## EXERCISE DIRECTIONS
I would like the listing below retyped exactly, line by line.

## SUPPLIED MATERIAL
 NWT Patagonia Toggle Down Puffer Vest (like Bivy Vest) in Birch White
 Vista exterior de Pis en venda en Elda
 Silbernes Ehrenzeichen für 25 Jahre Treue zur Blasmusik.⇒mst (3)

## SOLUTION TO THIS EXERCISE
 NWT Patagonia Toggle Down Puffer Vest (like Bivy Vest) in Birch White
 Vista exterior de Pis en venda en Elda
 Silbernes Ehrenzeichen für 25 Jahre Treue zur Blasmusik.⇒mst (3)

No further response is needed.